In 1998, E dealt head-on with his personal loss on the Eels’ stunning album, Electro-Shock Blues. On Souljacker, the band’s fourth release, he takes a hard-rocking, no-holds-barred look at the moral bankruptcy of society at large. From the blues-based grit and spit of the opening track to the messy distortion throughout, Souljacker launches an all-out attack on familiar Eels themes – insecurity, loneliness, despair – but this time from a more universal standpoint.
Over squalling guitars, fuzzy surf lines, loping break beats and lush strings, E spins tales of small-town misfits searching for meaning in a media-driven world.

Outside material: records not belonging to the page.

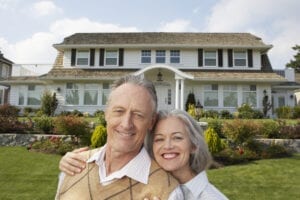 Mature couple arm in arm outside house, smiling, portrait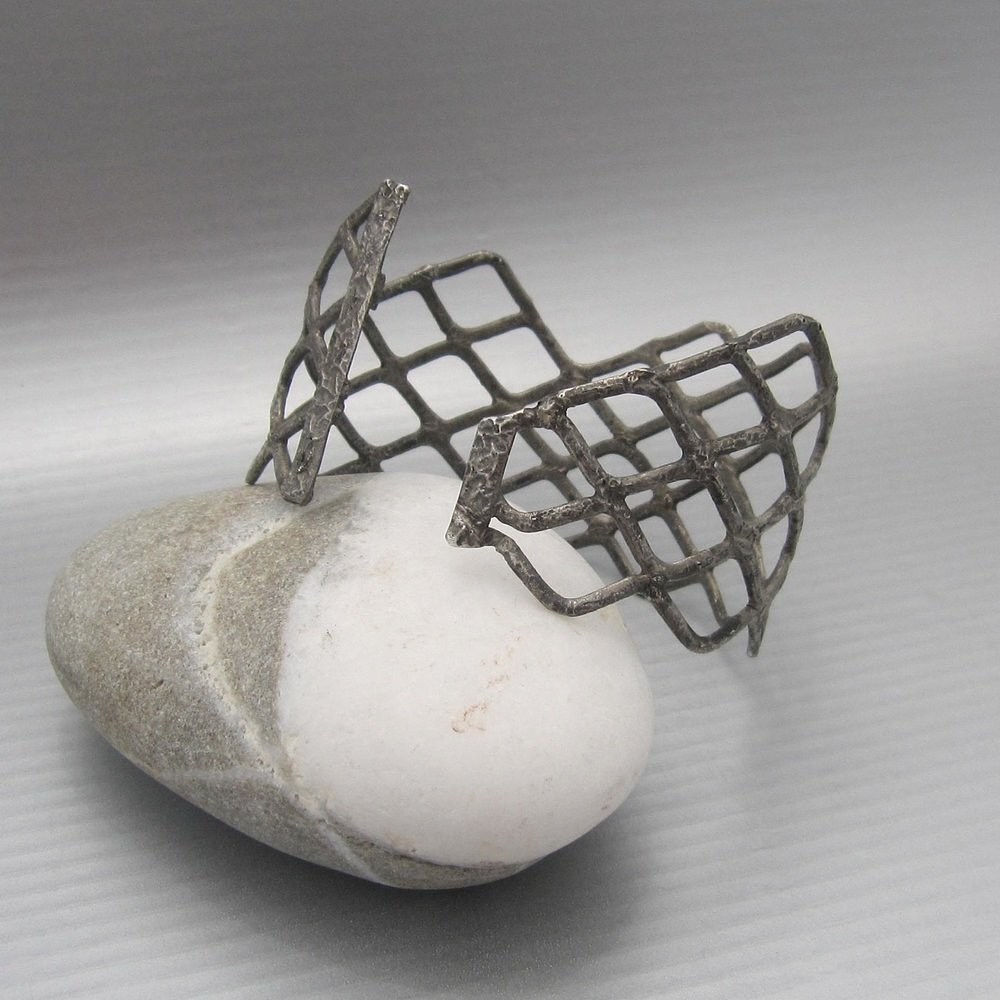 One of a kind and handmade in reclaimed silver and solid gold.

Available here: https://www.maddalenabearzi.com/one-of-a-kind/relitto-nero-e-oro-bracelet

Image+design: maddalenabearzi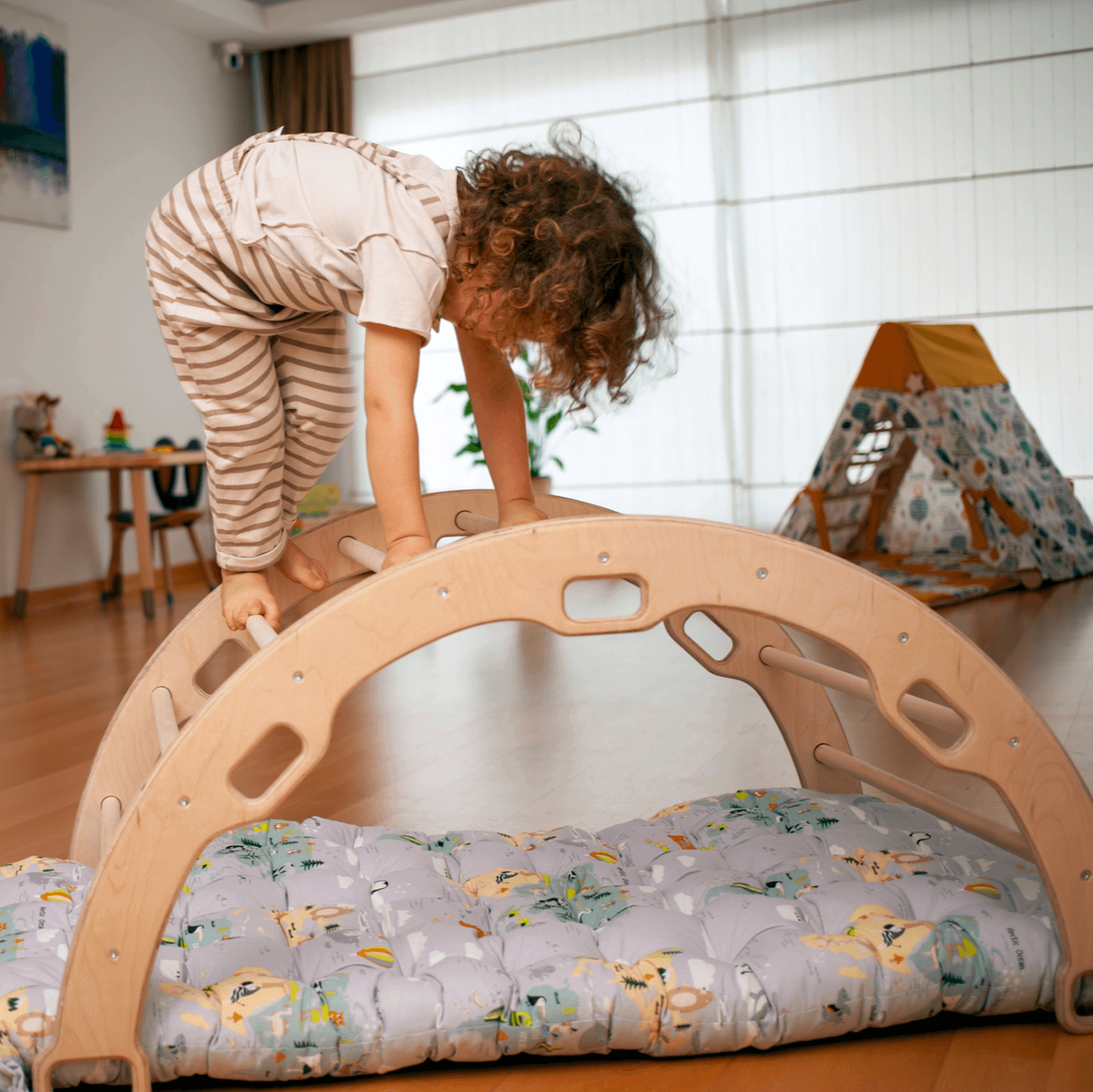 Child climbing the original Kidodido wooden arch in a sunlit playroom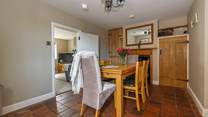 The well-preserved original tiled floor flows through the kitchen and dining-room. 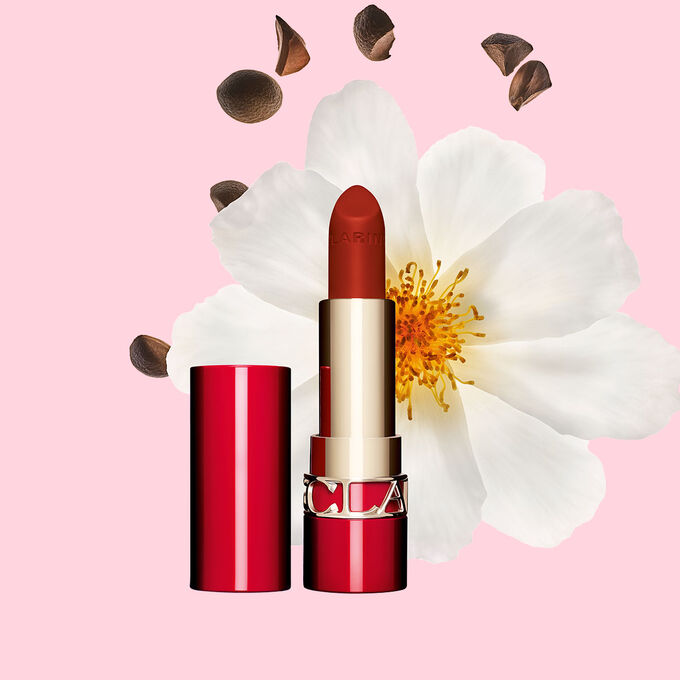 Packshot av Clarins matta l&auml;ppstift Joli Rouge i nyansen 782 V, placerat bredvid en kamelia blomma och sheafr&ouml;n p&aring; en rosa bakgrund.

The hairy protagonist of “Dog Faced Boy” gets taunted at school and bitterly laments, “Ma won’t shave me/Jesus can’t save me.”
Behind a shuffling Bo Diddley beat in “Souljacker 1,” E examines the mind of a fed-up, Columbine-like high school student: “Johnny don’t like the teacher/Johnny don’t like the school/One day Johnny’s gonna do something/To show ’em he’s nobody’s fool – oh, yeah!” There are some spare, delicate moments – the lovely, string-drenched “Fresh Feeling,” the folky “Woman Driving, Man Sleeping” – but for the most part, the Eels have pulled out all the stops on Souljacker.